▸ **Exercise objective**: Return every line from the one with "Keith Haring, Icons: Barking" through the one with "Bittergourd and mushrooms", inclusive, exactly as it appears below.
Extracted records Start Marker
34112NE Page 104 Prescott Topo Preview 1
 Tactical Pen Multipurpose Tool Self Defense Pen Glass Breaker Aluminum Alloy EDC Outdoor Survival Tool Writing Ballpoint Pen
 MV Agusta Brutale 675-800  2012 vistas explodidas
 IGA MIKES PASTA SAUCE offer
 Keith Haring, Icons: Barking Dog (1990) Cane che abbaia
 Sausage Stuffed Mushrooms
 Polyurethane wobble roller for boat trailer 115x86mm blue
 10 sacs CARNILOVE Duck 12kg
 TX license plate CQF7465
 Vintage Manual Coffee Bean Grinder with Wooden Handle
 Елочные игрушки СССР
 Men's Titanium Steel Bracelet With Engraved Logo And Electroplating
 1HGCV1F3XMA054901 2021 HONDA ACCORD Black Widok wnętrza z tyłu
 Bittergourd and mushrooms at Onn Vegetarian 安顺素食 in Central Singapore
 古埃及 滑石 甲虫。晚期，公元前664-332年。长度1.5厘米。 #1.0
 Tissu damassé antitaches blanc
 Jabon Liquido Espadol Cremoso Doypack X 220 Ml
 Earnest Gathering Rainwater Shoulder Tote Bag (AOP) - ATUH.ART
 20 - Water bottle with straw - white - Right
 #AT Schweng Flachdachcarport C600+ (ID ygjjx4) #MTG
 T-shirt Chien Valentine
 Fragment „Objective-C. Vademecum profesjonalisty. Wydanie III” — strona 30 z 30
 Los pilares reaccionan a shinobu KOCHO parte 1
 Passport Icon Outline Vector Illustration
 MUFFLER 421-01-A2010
Extracted records End Marker
▸ **Completed task**:
 Keith Haring, Icons: Barking Dog (1990) Cane che abbaia
 Sausage Stuffed Mushrooms
 Polyurethane wobble roller for boat trailer 115x86mm blue
 10 sacs CARNILOVE Duck 12kg
 TX license plate CQF7465
 Vintage Manual Coffee Bean Grinder with Wooden Handle
 Елочные игрушки СССР
 Men's Titanium Steel Bracelet With Engraved Logo And Electroplating
 1HGCV1F3XMA054901 2021 HONDA ACCORD Black Widok wnętrza z tyłu
 Bittergourd and mushrooms at Onn Vegetarian 安顺素食 in Central Singapore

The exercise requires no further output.